Exercise instructions — From the entries that follow, gather each line holding the word "Indonesia".
=-=-=
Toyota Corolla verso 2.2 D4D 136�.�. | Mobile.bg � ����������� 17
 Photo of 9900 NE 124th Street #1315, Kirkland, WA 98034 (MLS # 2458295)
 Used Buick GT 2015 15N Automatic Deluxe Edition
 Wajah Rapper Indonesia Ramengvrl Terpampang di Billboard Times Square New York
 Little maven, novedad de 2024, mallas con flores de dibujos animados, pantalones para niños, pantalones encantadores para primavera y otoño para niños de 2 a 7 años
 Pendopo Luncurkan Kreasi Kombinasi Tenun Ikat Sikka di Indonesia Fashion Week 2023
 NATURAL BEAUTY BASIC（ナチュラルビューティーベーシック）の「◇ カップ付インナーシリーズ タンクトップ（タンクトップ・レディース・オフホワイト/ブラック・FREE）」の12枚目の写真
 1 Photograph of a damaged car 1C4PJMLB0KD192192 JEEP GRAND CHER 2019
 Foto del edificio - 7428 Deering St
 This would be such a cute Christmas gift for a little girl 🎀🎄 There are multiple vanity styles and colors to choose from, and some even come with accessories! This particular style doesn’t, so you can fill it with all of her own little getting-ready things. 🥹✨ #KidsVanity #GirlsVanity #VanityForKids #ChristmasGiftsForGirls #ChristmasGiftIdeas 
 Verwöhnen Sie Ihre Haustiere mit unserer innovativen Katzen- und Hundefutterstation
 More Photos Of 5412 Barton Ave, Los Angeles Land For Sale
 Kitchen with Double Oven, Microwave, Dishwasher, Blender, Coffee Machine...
=-=-=
Your response —
 Wajah Rapper Indonesia Ramengvrl Terpampang di Billboard Times Square New York
 Pendopo Luncurkan Kreasi Kombinasi Tenun Ikat Sikka di Indonesia Fashion Week 2023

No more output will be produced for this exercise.